If you want some specific help, feel free to hit me off line with your ph# and I'll walk you through what we did. Jumping off the satellite teat is a leap of faith but I don't regret it one bit. Feels kinda like getting flushed out of the cozy womb of the Matrix at first, but you adapt.


----------



## pastornator (Apr 5, 2013)

I went off cable/dish, etc., about 2 years ago and never looked back.

The antennaweb site is good. I used it to make my determinations. I get over 40 on-air chanels in my location, which is deep in a valley about mid-point between Milwaukee and Green Bay, Wisconsin.
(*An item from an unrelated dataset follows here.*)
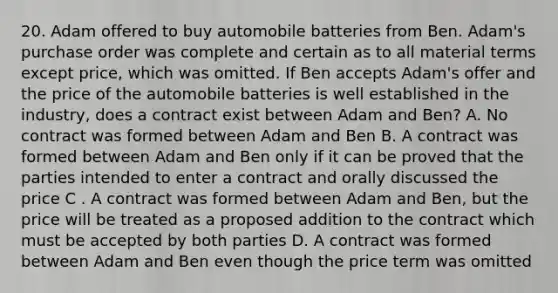 20. Adam offered to buy automobile batteries from Ben. Adam's purchase order was complete and certain as to all material terms except price, which was omitted. If Ben accepts Adam's offer and the price of the automobile batteries is well established in the industry, does a contract exist between Adam and Ben? A. No contract was formed between Adam and Ben B. A contract was formed between Adam and Ben only if it can be proved that the parties intended to enter a contract and orally discussed the price C . A contract was formed between Adam and Ben, but the price will be treated as a proposed addition to the contract which must be accepted by both parties D. A contract was formed between Adam and Ben even though the price term was omitted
I use an omni-directional antenna because I would be constantly fiddling around with a rotor. I might get better reception with a rotor for individual stations, but that would mean adjustment every time I switched chanels. Also using a booster with the antenna (came with it as a package). I mounted the antenna on a 10 foot piece of conduit on the top of my home roof (made a mast that extends it 10 feet higher than the roof line). It has withstood 50+ mph winds so far, so it is good. It is about 35 feet from the ground, which helps me in the valley that is our home. If I could get it another 10 feet higher I would pick up about 6 more stations, but not sure it is worth it as many are just repeats anyway.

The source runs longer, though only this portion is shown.